Segment Start: Materials provided
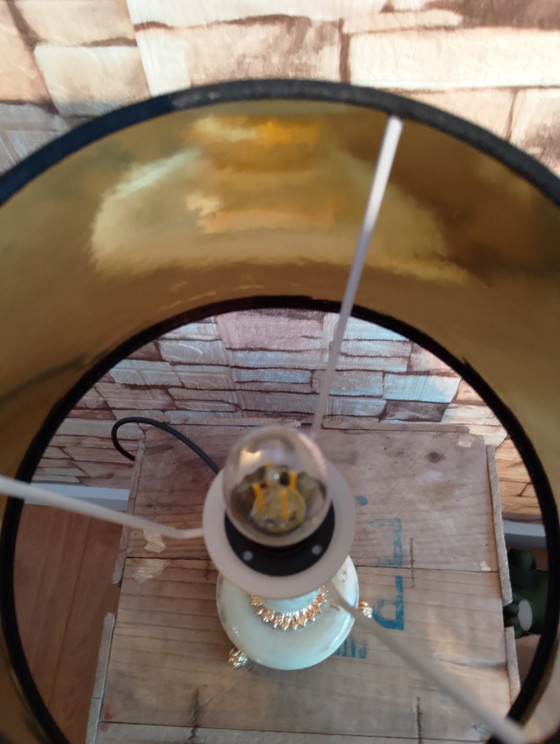 Image 1 of Prestigieuze vintage bronzen onyxlamp, volledig gerestaureerd.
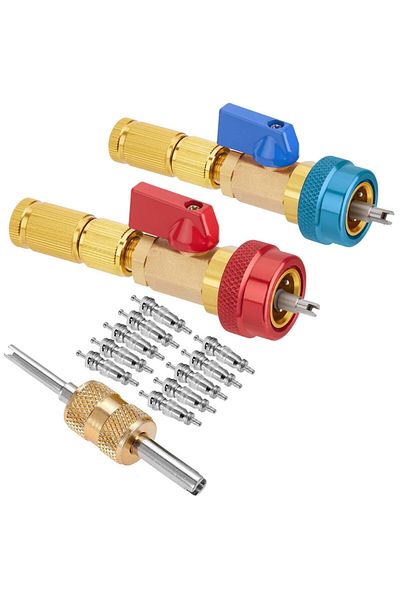 Choice طقم مكون من قطعتين لإزالة قلب صمام R134a بسرعة، أداة إزالة قلب صمام الضغط العالي/المنخفض لإعادة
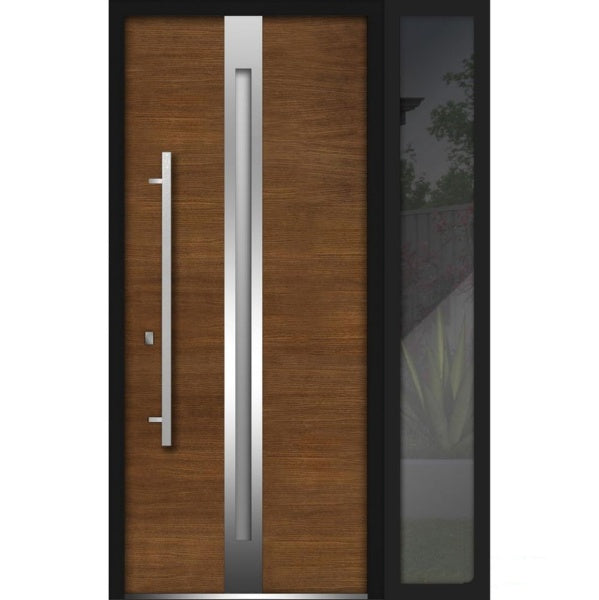 Front Exterior Prehung Steel Door | Right Side Black Glass | Deux 1744 | Natural Oak - Home Doors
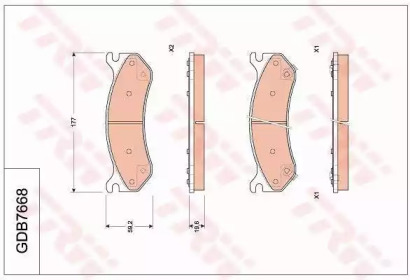 Комплект тормозных колодок, дисковый тормоз TRW GDB7668
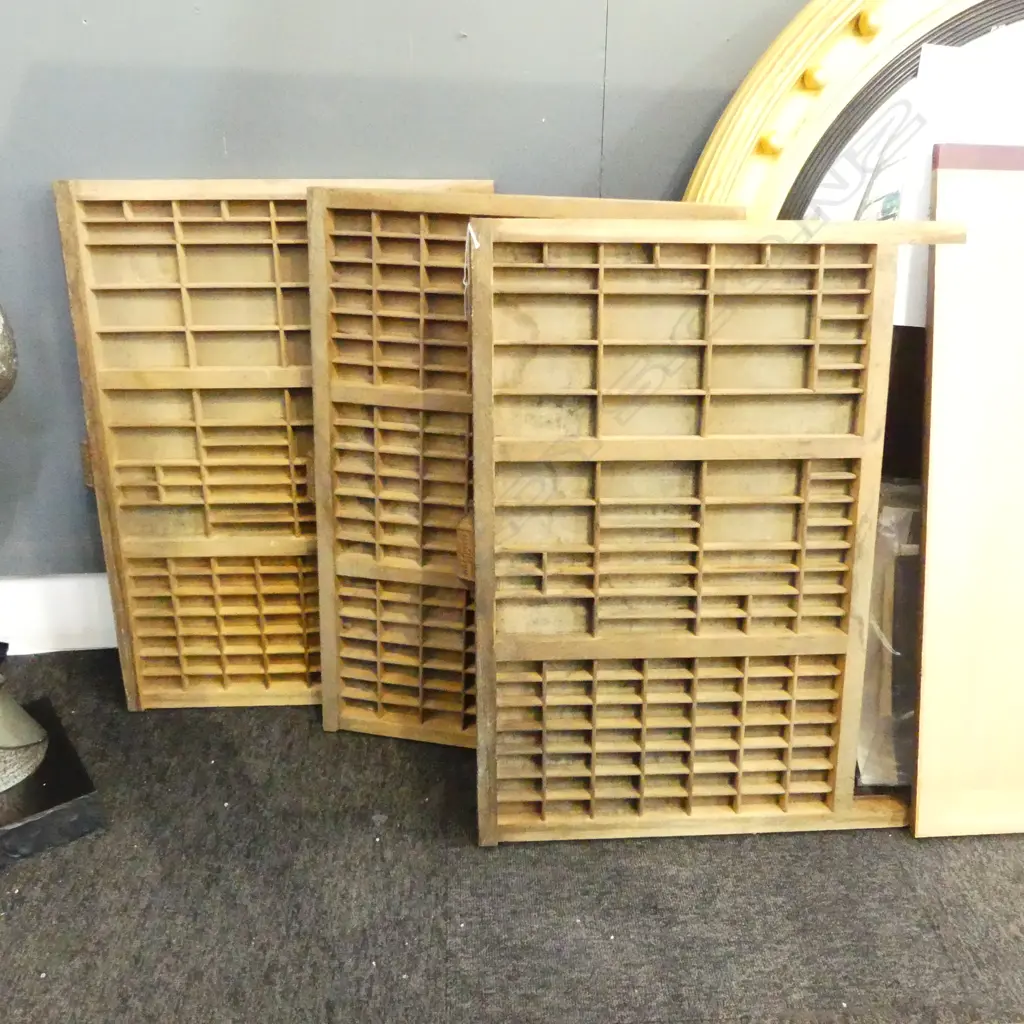 3 WOODEN PRINTERS TRAYS 670x500mm Image 1++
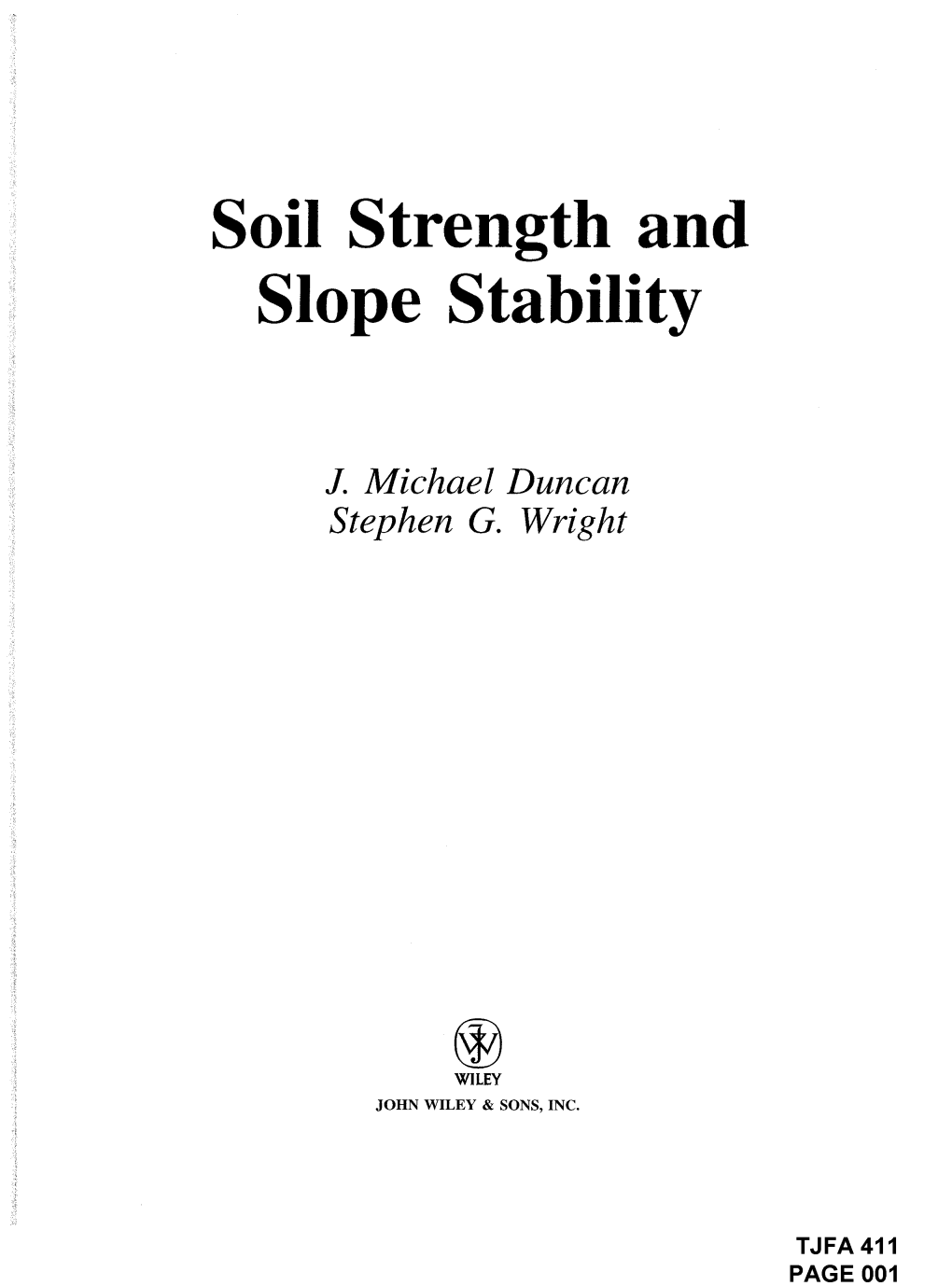 Soil Strength and Slope Stability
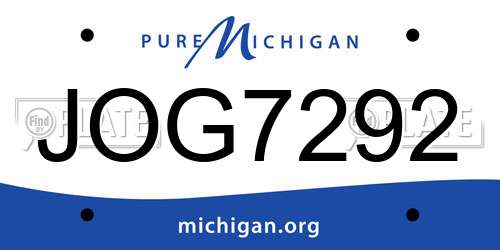 JOG7292 Michigan License Plate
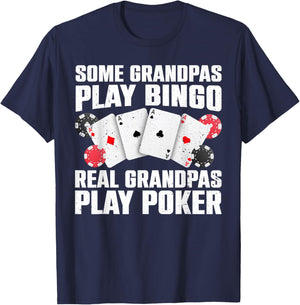 Cool Poker Lover Art for Grandpa Men Casino Card Gambling Small T-Shirt - T-Shirt | Navy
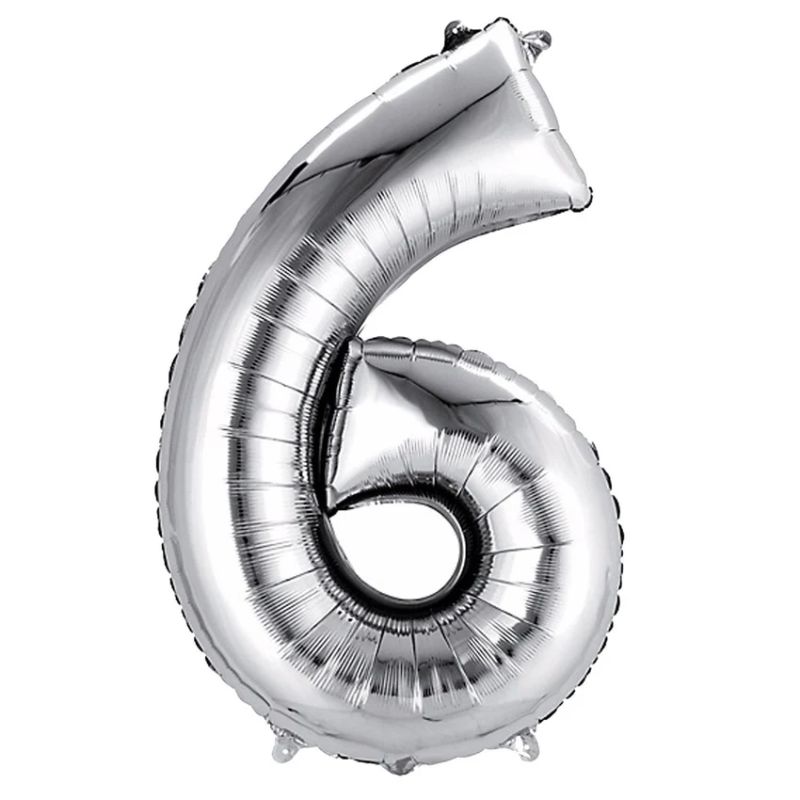 Photo 1 of 65 inch Giant Silver Number 6  Balloon, Huge Foil Balloons For Children's Birthday Party, Baby Shower and Celebration-Themed Party Decoration Supplies
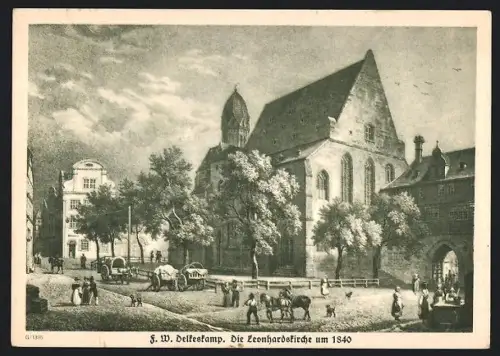 AK Alt-Frankfurt, Leonhardskirche um 1840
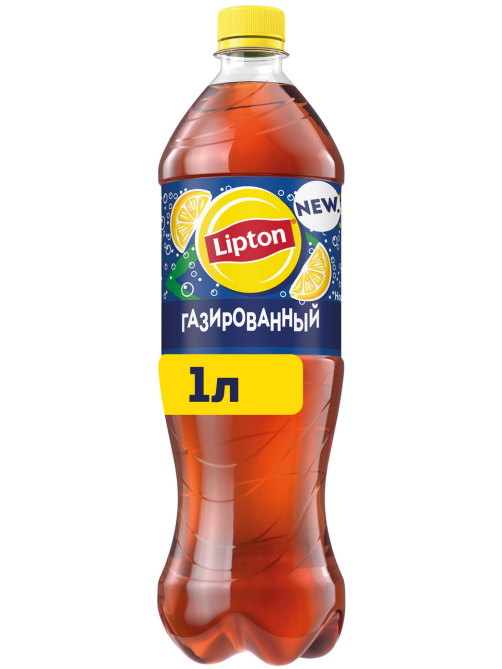 Холодный чай Lipton лимон черный газированный, 1л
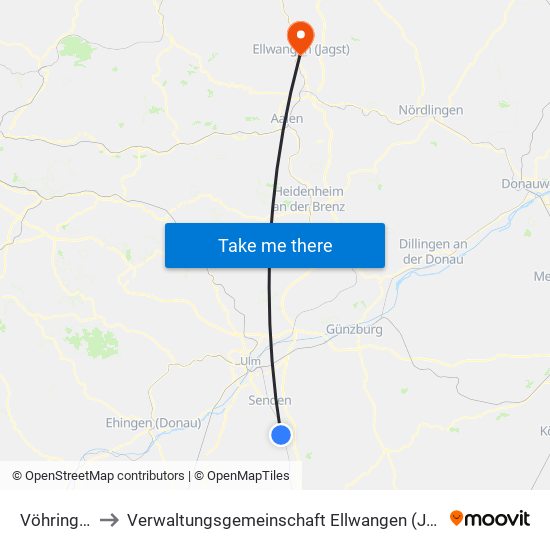 Vöhringen to Verwaltungsgemeinschaft Ellwangen (Jagst) map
Segment End: Materials provided
Task instructions — Please give again only those lines that run from the one containing "JOG7292 Michigan License Plate" through the final line of the listing, both included, exactly as written and without pictures.

Solution to this task —
 JOG7292 Michigan License Plate
 Cool Poker Lover Art for Grandpa Men Casino Card Gambling Small T-Shirt - T-Shirt | Navy
 Photo 1 of 65 inch Giant Silver Number 6  Balloon, Huge Foil Balloons For Children's Birthday Party, Baby Shower and Celebration-Themed Party Decoration Supplies
 AK Alt-Frankfurt, Leonhardskirche um 1840
 Холодный чай Lipton лимон черный газированный, 1л
 Vöhringen to Verwaltungsgemeinschaft Ellwangen (Jagst) map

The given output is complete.